Theorem 1
If p is prime, then p divides 
 n(p-1)      n(p-1)
a       -   b       for integers (a,b)=1,n p where p does not divide ab. 
No matter what the value of n, there exist a1,b1 such that a1 = a^n and b1=b^n.
Thus, we can write theorem I as

If p is prime and (a1,b1) = 1, then a1^(p-1) - b1^(p-1) is divisible by p.
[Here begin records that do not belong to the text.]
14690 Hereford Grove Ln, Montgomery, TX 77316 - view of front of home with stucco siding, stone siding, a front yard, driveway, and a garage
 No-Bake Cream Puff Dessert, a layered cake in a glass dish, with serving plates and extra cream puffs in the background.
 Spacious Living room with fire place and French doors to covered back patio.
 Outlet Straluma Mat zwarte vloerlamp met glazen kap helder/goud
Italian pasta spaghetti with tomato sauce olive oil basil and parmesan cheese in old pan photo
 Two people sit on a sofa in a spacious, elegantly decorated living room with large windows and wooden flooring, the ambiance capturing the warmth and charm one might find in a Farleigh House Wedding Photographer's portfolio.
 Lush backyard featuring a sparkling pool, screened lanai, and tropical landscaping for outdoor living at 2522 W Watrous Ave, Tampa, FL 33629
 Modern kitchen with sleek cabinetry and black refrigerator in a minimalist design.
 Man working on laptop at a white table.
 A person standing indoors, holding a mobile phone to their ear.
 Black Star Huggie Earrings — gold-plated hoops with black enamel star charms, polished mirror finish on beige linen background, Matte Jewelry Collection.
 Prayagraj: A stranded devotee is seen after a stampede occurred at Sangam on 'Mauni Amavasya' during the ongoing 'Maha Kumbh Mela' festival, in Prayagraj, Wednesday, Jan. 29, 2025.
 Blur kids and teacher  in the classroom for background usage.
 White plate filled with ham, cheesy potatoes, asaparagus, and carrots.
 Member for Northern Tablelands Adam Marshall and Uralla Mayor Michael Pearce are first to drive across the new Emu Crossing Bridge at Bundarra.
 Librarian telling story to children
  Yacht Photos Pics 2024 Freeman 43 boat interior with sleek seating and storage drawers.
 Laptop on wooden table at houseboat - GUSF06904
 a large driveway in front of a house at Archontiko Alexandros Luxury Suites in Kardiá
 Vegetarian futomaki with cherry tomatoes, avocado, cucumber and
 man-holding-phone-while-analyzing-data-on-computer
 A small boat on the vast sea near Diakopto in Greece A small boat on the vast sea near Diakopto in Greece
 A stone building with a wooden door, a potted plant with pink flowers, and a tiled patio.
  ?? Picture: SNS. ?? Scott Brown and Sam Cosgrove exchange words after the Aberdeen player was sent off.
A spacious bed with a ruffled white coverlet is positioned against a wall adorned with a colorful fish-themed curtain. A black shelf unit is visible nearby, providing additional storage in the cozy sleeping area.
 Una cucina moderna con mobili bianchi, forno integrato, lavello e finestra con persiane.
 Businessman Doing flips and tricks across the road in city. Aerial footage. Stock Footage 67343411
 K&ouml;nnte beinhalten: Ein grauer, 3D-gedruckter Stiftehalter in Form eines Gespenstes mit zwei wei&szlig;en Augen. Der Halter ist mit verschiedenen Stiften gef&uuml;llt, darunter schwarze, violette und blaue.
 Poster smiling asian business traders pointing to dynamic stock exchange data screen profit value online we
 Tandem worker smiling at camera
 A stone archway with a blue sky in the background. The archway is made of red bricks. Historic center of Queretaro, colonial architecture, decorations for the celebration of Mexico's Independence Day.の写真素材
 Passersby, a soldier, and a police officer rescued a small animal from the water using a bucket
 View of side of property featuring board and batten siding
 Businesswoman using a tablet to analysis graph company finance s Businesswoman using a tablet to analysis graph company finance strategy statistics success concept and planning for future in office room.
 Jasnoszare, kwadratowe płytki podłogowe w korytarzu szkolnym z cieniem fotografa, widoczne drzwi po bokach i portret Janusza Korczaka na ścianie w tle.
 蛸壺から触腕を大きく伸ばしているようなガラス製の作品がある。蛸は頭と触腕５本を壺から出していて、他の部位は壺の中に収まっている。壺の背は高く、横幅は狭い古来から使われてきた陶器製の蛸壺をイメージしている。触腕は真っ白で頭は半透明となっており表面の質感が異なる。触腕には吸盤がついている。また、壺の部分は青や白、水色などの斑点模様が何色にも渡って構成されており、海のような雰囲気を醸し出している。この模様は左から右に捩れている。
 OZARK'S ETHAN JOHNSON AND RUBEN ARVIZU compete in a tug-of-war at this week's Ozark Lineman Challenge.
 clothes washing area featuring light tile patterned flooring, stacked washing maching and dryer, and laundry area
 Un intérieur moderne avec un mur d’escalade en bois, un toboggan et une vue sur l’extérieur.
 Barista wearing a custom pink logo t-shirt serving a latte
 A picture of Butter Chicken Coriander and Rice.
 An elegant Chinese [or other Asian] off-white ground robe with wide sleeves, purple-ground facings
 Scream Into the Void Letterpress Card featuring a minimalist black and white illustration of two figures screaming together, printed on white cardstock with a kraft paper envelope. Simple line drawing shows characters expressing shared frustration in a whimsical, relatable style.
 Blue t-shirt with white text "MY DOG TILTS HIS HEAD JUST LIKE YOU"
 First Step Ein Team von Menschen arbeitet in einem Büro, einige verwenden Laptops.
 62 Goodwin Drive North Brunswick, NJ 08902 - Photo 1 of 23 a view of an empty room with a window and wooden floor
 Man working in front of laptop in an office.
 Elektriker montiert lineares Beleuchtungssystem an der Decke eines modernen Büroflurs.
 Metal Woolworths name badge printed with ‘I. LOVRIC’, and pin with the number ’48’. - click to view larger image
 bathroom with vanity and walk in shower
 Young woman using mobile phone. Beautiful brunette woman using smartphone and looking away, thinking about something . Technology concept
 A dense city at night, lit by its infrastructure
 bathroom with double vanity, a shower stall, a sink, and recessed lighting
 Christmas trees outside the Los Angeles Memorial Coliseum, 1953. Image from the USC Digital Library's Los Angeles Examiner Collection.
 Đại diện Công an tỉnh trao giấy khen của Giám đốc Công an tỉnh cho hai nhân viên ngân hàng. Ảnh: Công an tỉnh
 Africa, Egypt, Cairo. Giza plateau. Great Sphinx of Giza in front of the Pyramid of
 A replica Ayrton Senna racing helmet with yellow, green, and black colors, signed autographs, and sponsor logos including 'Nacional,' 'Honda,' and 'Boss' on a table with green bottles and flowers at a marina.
Some examples in origional form.
a = 3 b = 2
 n(p-1)   n(p-1)
a      - b
n p
--- ---- --------------------
1 7 5*7*19
2 7 5*7*13*19*61
1 107 5*13*107*...
7 107 5*29*71*107*...

Theorem 1a (Euler) (a,m) = 1 => a^Phi(m) - 1 is div by m.
Phi(m) = number of non divisors <= m of m. If m is prime,
Phi(m) = p-1.

Lemma 1
Let b = 1. Prove if p is prime and (a1,p) = 1, a1^(p-1) - 1 is div by p.
We know from Theorem 1a, (a,m) = 1 => a^Phi(m) - 1 is div by m.
Then a1^(p-1)-1 = a^Phi(p)-1 since p is prime. So p divides a^(p-1) - 1.

Let a = k^n for some n
By rules of exponents, k^n(p-1) - 1 = (k^n)^(p-1) - 1 = k^n(p-1). Thus, 
letting a = k^n we get the desired result.

We can now prove Theorem 1.
by Lemma 1 we can assume a and b are powers of n and
a^(p-1)-1 is div by p and b^(p-1)-1 is div by p then
a^(p-1) - 1 - b^(p-1) - 1 = a^(p-1) - b^(p-1) is div by p as desired.